The first session, Design Now featured Jody Hudson-Powell and Luke Powell from design studio Hudson-Powell (who recently became partners at Pentagram) and illustrator Malika Favre (ex of Airside) and was chaired by Fred Deakin (a co-founder of Airside, he is now Professor of Interactive Arts at UAL among other things).

Hudson-Powell explained how their early interests in skateboarding and computer games, lead them to take a DIY approach to work, experimenting with new mediums and technologies. Malika spoke about her influences and how they inform her work, showing examples of her work in progress.

Both talks showed how the creative process is about experimenting with new ideas, and not being afraid of failure.

Hudson-Powell showed how they experiment with different tools, techniques and technologies, learning just-enough without becoming experts, making things and throwing them away. They can then use this knowledge to know when a certain technique will fit a project.

“Being wrong most of the time is exciting … be willing to ask questions, sound stupid” – Jody Hudson-Powell

Malika showed her work, from the photographs and moodboards that inspired certain pieces, early sketches and unfinished concepts to the finished works. She also showed her self-initiated projects and explained how these often lead to client work.

“Self-initiated work is a vital part of a career as a designer” – Malika Favre

Design How

Design How was a larger talk at the Royal Northern College of Music. The talks were presented by Ben Terrett (ex director of design at GDS), Clive Grinyer (head of customer experience at Barclays), Steve O’Connor (design director at IDEO) and Lee Fasciani (Territory Studio) and chaired by Angus Montgomery from Design Week.
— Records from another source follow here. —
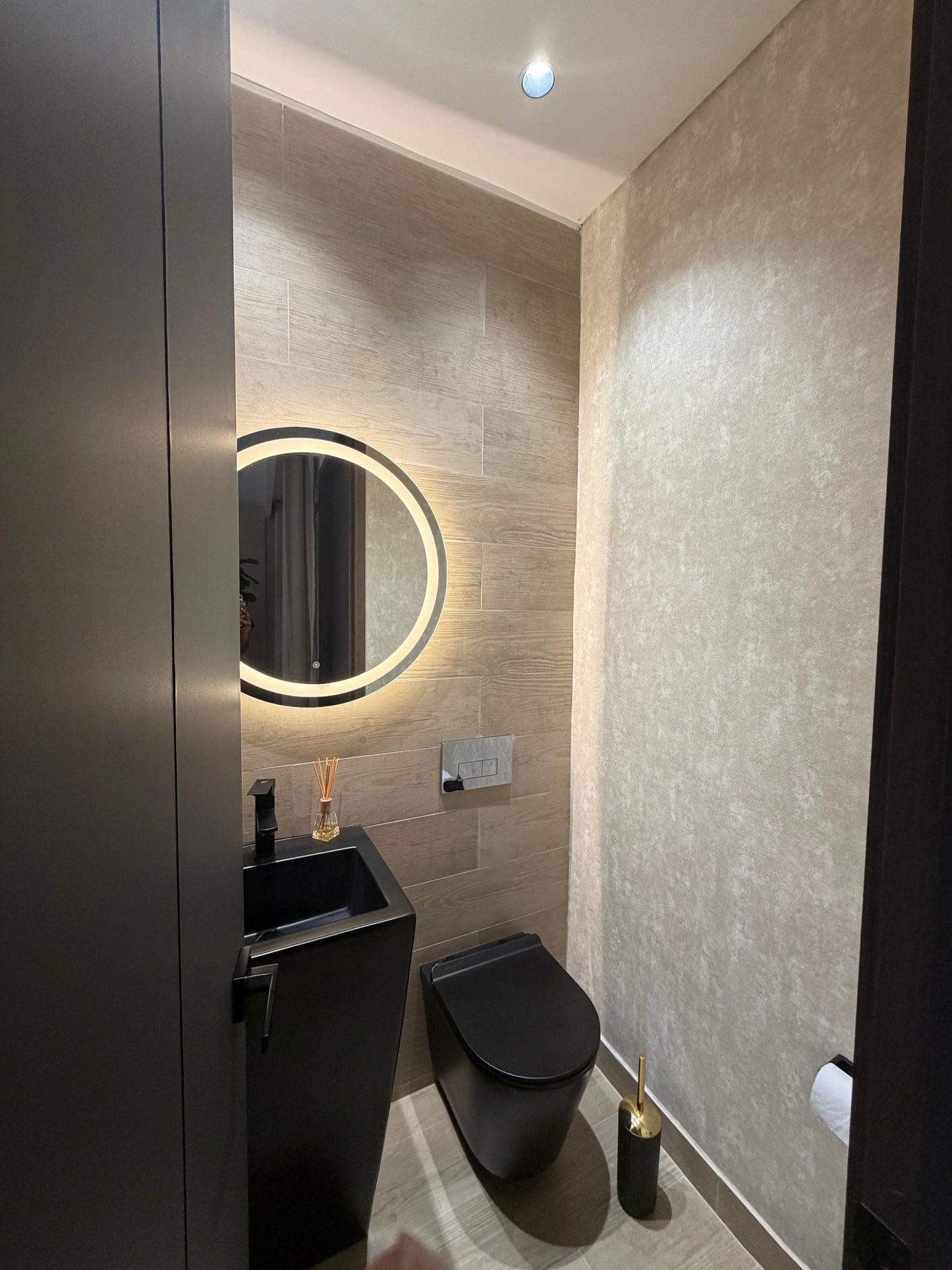 Casa amoblada en venta en La Morada, Jamundí — 700 m², sala de cine, discoteca y piscina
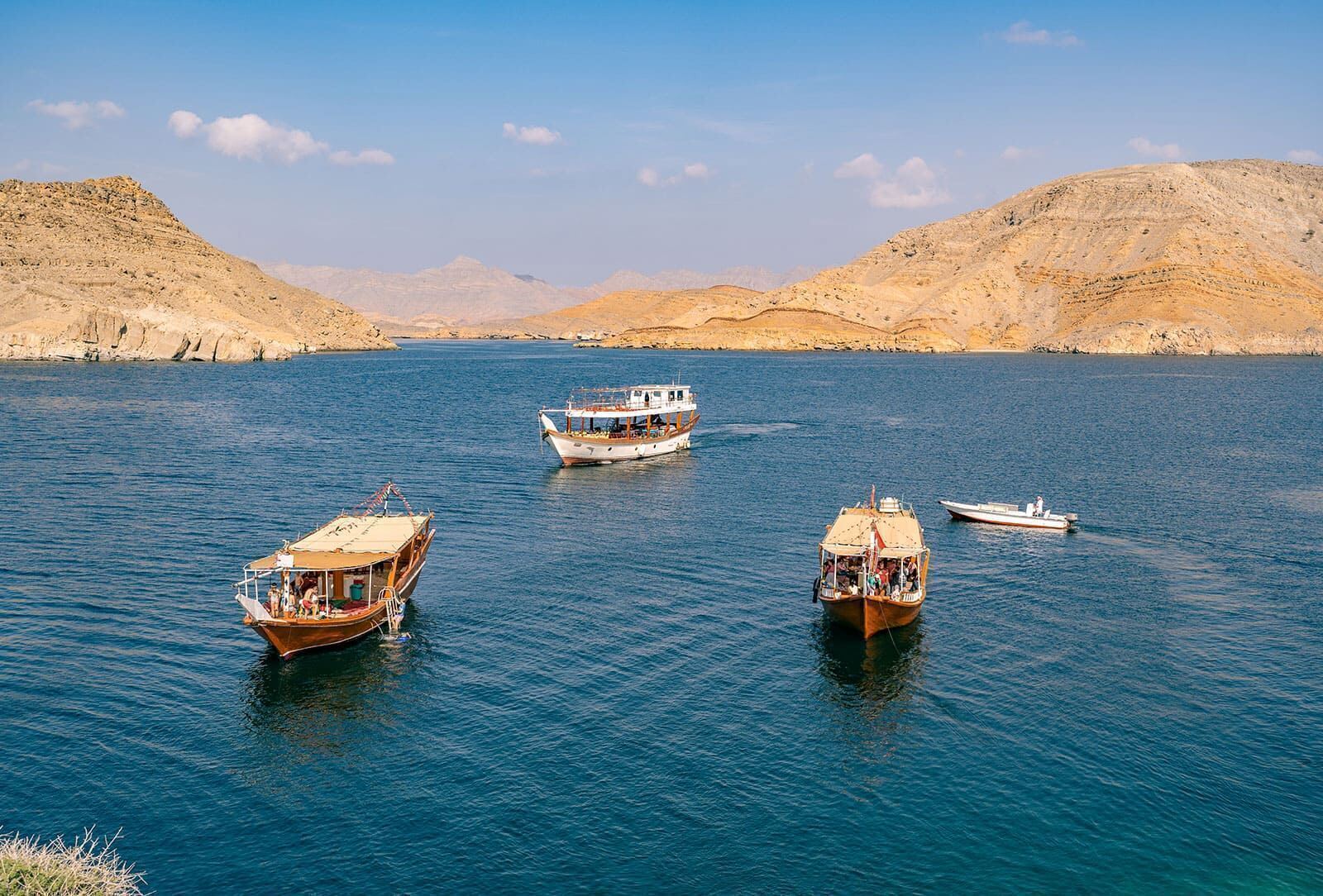What to Wear on a Dhow Cruise in Musandam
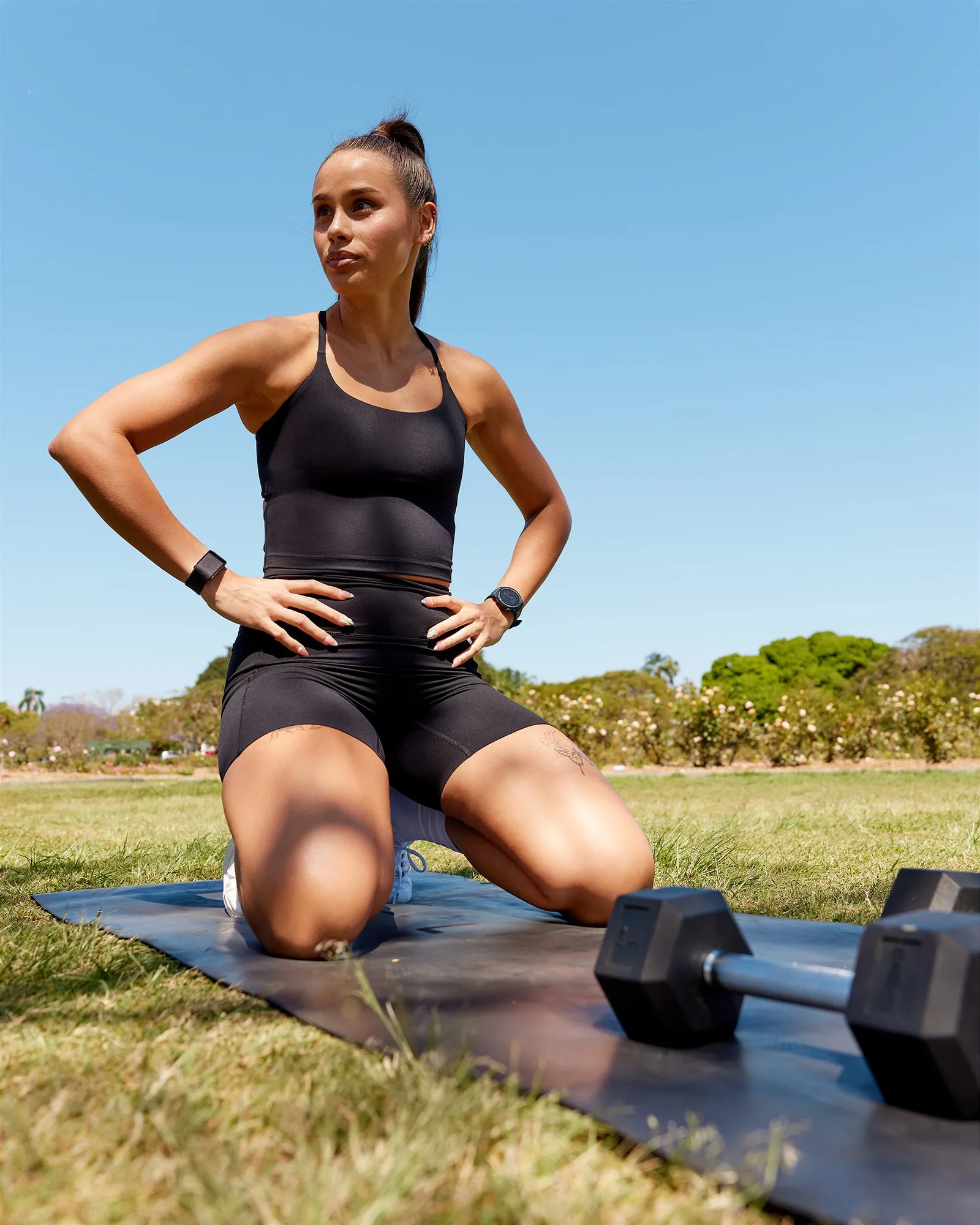Twist Tank With Shelf Bra - Black sold by LSKD product image thumbnail 3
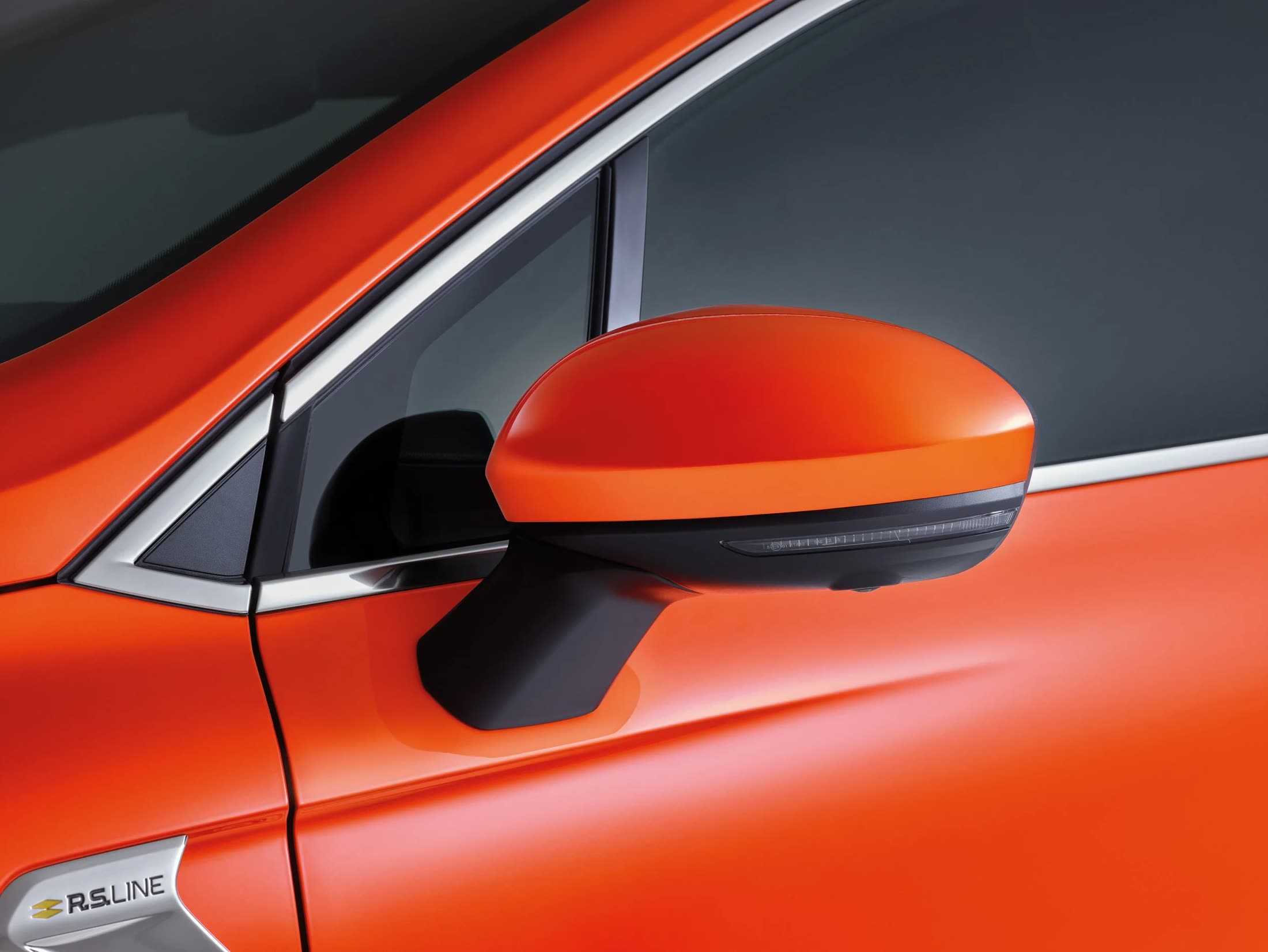 RENAULT — plate 16 of 18, Retouch finishing by Matte-Studio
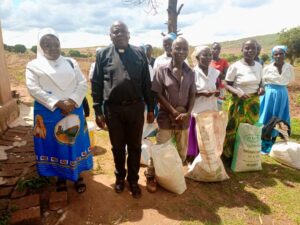 2023 dicembre 27 hicsum 23 malawi misericordia monte san giovanni campano spazio spadoni sr oliver impresa sociale pane misericordia raccolta mais 4 300x225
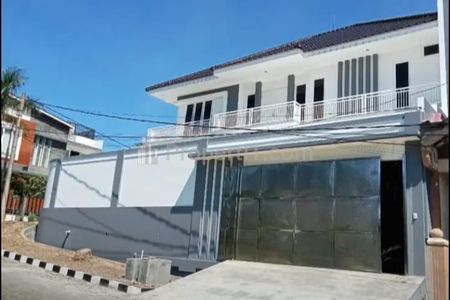 Dijual Rumah di Lembah Dieng Malang, Luas 350 (Rumah Hook)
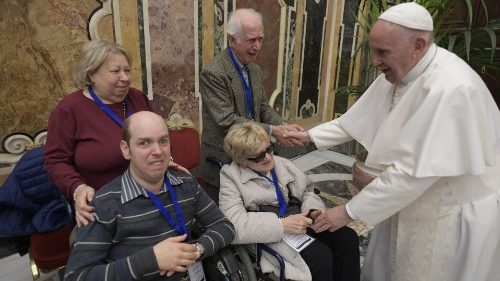 Papa al Movimento Ciechi: mettere al centro i poveri ed emarginati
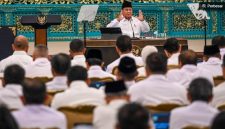 Presiden Prabowo Subianto memimpin Sidang Kabinet Paripurna di Kantor Presiden, Istana Negara, Jakarta, Senin (20/7/2026). [ANTARA FOTO/Galih Pradipta/nz]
Ben’s talk focussed on usability versus persuasion and referenced removing the icons from GOV.UK, that UX is the responsibility of everyone on the team and fixing the basics – he’s spoken about this before.

design-mcr-ben

Steve O’Connor talked through how IDEO approach service design and design thinking. Design thinking is a balance of desirability, viability and feasibility and that understanding desirability is hard, as humans behave unexpectedly. The best way to understand this is through observation, and this was illustrated with a great diagram that showed the cycle from observing the real world, abstract insights and ideas back to observing prototypes. He also spoke of “sacrificial concepts” – raw, early ideas based on assumptions and preconceptions that can be tested quickly. This is similar to how we will test different approaches and concepts in the alpha phase.

design-mcr-steve

Clive Grinyer spoke about Barclays’ product development cycle of crawl, walk, run – incubating a new product until it is mature enough to have its own team running it – and how the team define the proposition in sprint zero, similar to our discovery phase, in which they define personas, and map out user stories and user journeys. They also design a fake bus stop advert to describe the proposition to users, a visual elevator pitch. If they can’t explain the idea within the advert, then it’s back to the drawing board.

“Usability is well understood by users” – Clive Grinyer

It was interesting to hear about different organisations take on the agile design process, across government, commercial in-house and agency. The overarching message from all the speakers was that the earlier you share your ideas, the earlier your test your prototypes, the less risk there is.